Look through the listing below for the line with "These are Spencer" and the line with "Replace the batteries". Copy both, along with every line between them, exactly and with no pictures.

Available data:
====

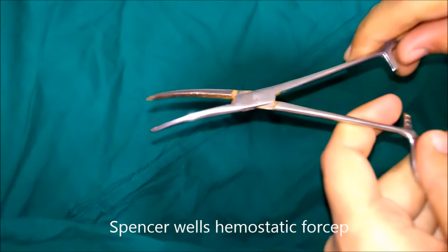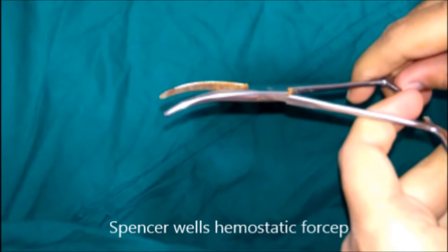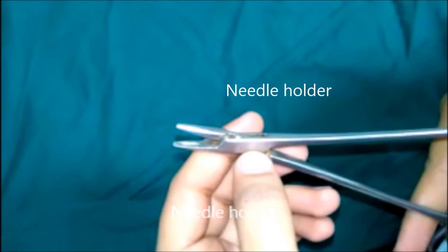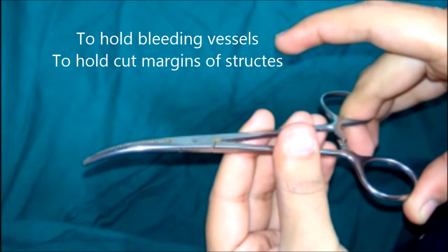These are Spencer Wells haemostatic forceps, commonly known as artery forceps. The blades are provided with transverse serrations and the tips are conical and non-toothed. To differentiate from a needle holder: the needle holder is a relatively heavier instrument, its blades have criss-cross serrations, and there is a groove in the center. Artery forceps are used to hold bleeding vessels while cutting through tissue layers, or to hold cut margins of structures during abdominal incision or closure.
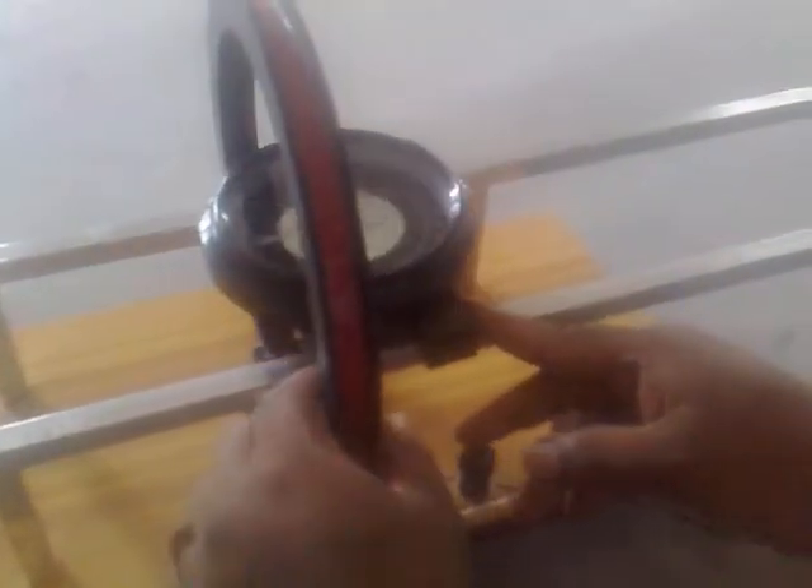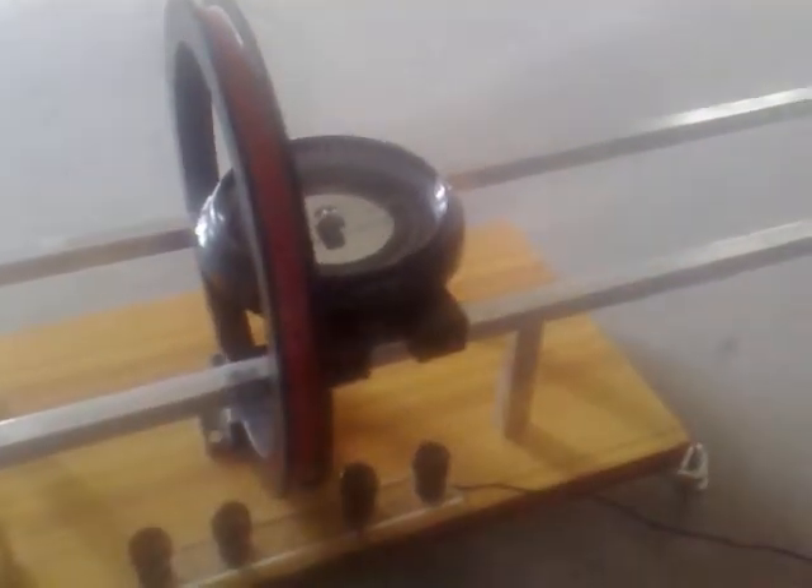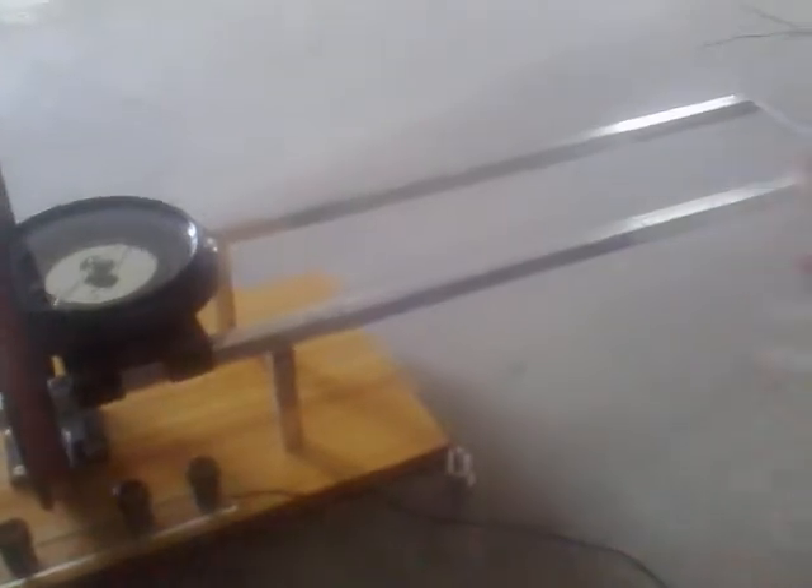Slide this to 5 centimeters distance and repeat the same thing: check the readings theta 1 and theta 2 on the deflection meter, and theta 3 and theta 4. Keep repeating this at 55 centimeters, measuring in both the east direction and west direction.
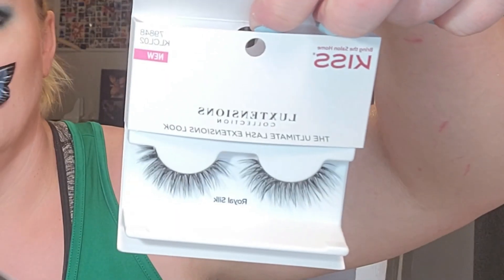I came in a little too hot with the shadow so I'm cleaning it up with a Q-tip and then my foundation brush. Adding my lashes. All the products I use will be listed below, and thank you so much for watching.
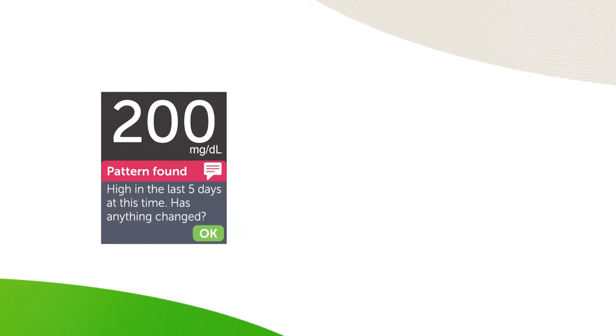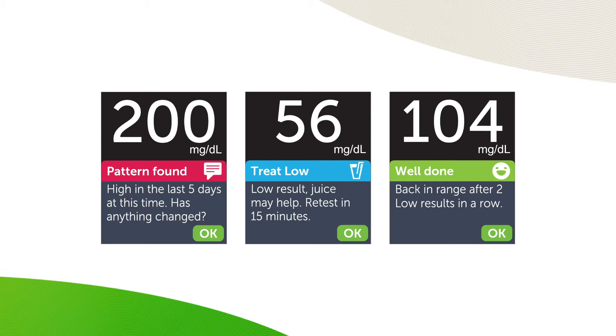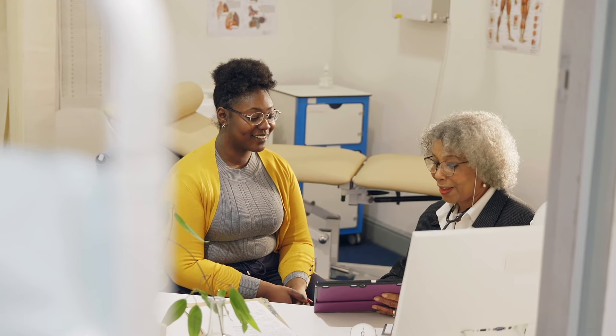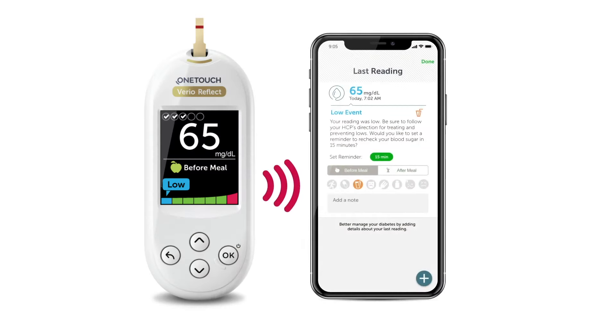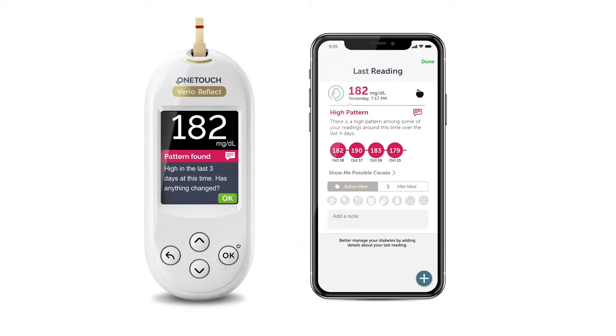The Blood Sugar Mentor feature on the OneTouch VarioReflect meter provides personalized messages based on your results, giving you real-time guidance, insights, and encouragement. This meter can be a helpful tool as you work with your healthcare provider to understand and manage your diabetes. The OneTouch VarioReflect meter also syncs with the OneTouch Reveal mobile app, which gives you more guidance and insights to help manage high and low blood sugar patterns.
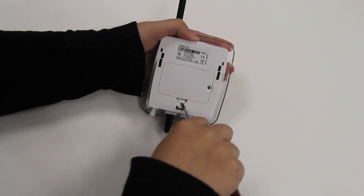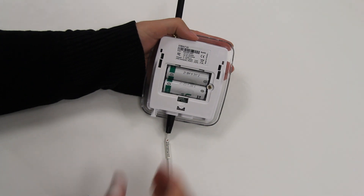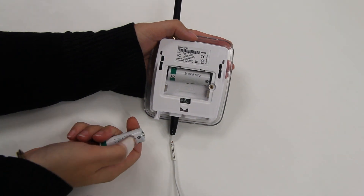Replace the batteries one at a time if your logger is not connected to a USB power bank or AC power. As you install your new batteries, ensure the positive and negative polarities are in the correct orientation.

====

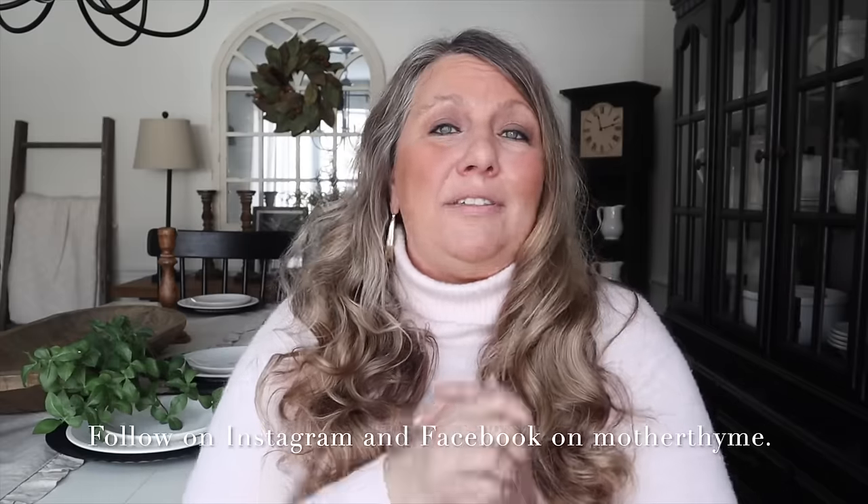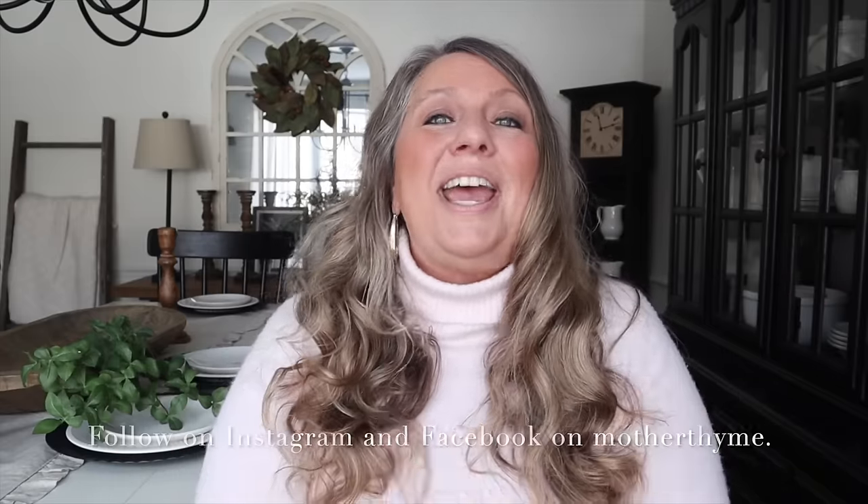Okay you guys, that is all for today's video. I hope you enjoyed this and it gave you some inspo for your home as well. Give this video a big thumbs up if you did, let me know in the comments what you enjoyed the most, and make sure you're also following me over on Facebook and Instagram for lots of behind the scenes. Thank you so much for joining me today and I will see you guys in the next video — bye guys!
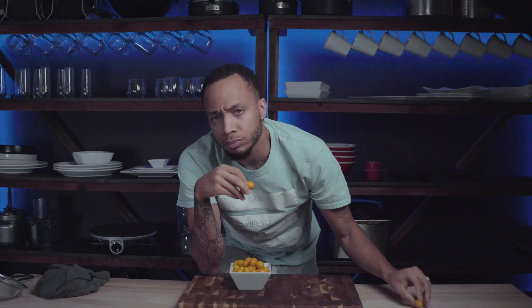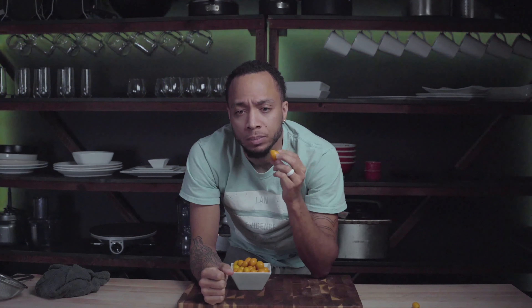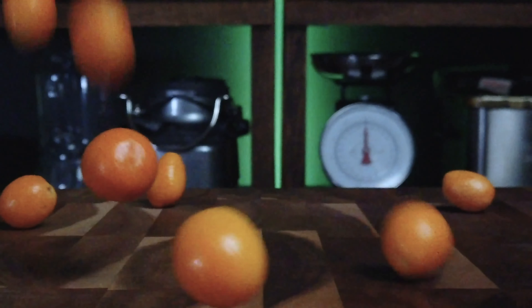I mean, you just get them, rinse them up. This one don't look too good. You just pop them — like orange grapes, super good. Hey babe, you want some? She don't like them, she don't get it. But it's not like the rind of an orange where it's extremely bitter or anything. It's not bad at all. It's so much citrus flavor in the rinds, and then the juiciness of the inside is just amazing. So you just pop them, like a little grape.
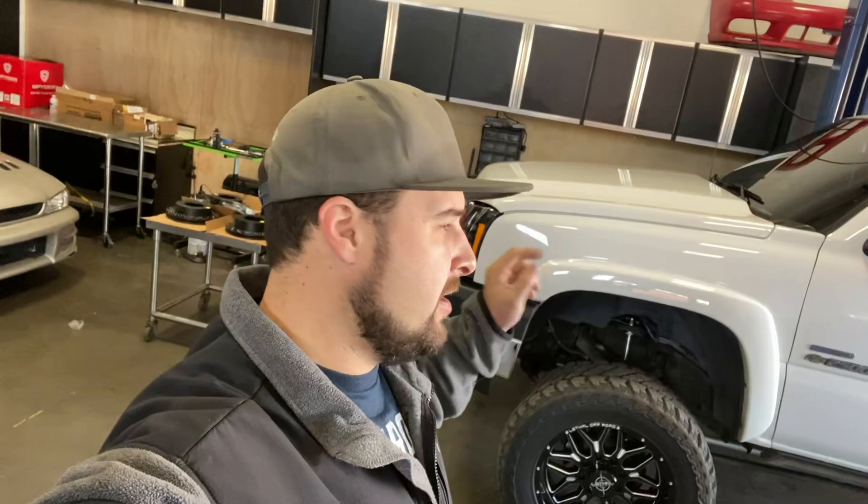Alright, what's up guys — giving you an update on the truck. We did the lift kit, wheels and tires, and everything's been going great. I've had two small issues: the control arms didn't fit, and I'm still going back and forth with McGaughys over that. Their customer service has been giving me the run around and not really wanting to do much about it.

====

Answer:
These are Spencer Wells haemostatic forceps, commonly known as artery forceps. The blades are provided with transverse serrations and the tips are conical and non-toothed. To differentiate from a needle holder: the needle holder is a relatively heavier instrument, its blades have criss-cross serrations, and there is a groove in the center. Artery forceps are used to hold bleeding vessels while cutting through tissue layers, or to hold cut margins of structures during abdominal incision or closure.
Slide this to 5 centimeters distance and repeat the same thing: check the readings theta 1 and theta 2 on the deflection meter, and theta 3 and theta 4. Keep repeating this at 55 centimeters, measuring in both the east direction and west direction.
I came in a little too hot with the shadow so I'm cleaning it up with a Q-tip and then my foundation brush. Adding my lashes. All the products I use will be listed below, and thank you so much for watching.
The Blood Sugar Mentor feature on the OneTouch VarioReflect meter provides personalized messages based on your results, giving you real-time guidance, insights, and encouragement. This meter can be a helpful tool as you work with your healthcare provider to understand and manage your diabetes. The OneTouch VarioReflect meter also syncs with the OneTouch Reveal mobile app, which gives you more guidance and insights to help manage high and low blood sugar patterns.
Replace the batteries one at a time if your logger is not connected to a USB power bank or AC power. As you install your new batteries, ensure the positive and negative polarities are in the correct orientation.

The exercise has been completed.